*** Block opens ***
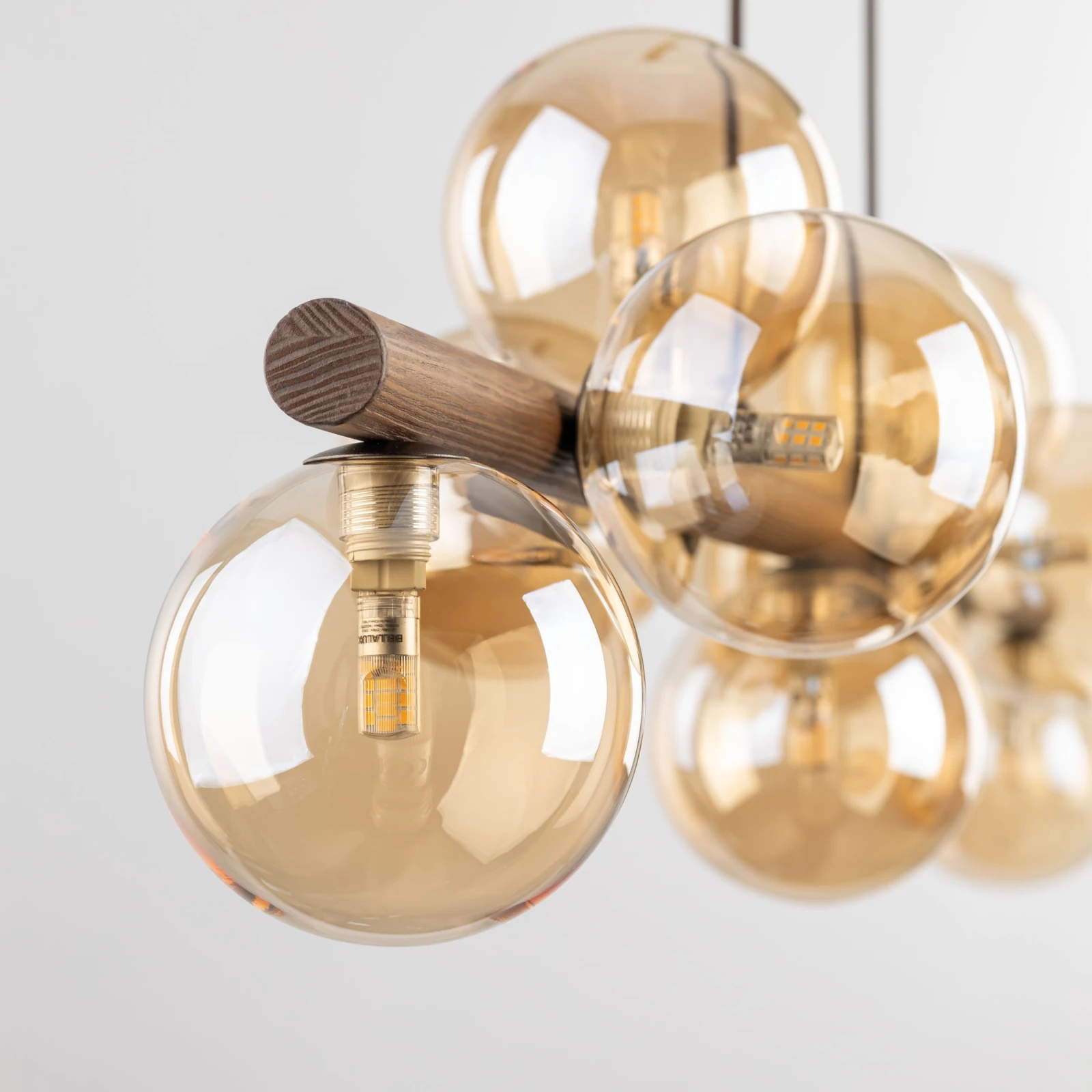 Pendant lamp 9xG9 – amber glass spheres, walnut accent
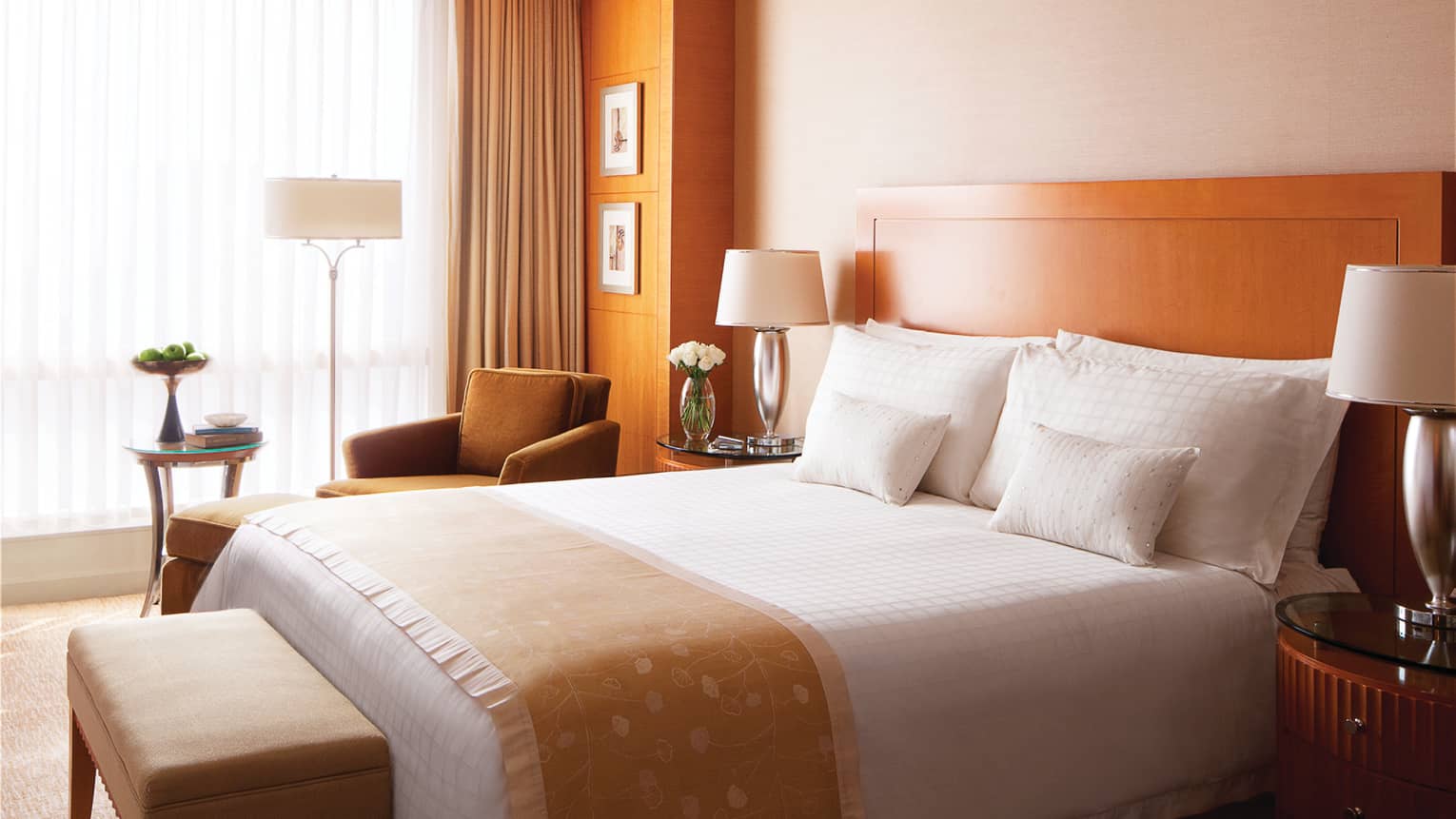 Deluxe Room hotel bed with embroidered gold sash, bench, armchair by window, sheer curtains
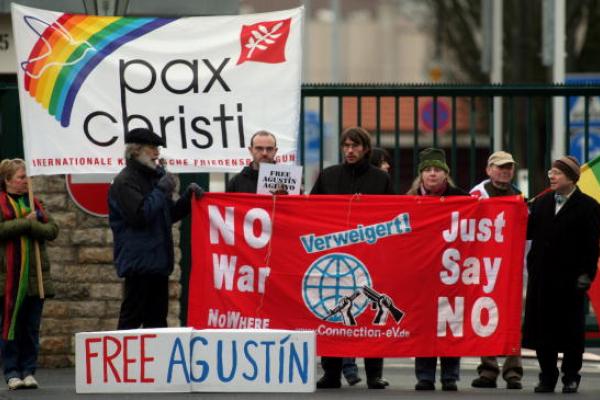 Conscientious objectors rally in Germany. Image via Getty Images.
*** Block closes ***
Would you reproduce each line of the material exactly, omitting the images?

** Task answer **
 Pendant lamp 9xG9 – amber glass spheres, walnut accent
 Deluxe Room hotel bed with embroidered gold sash, bench, armchair by window, sheer curtains
 Conscientious objectors rally in Germany. Image via Getty Images.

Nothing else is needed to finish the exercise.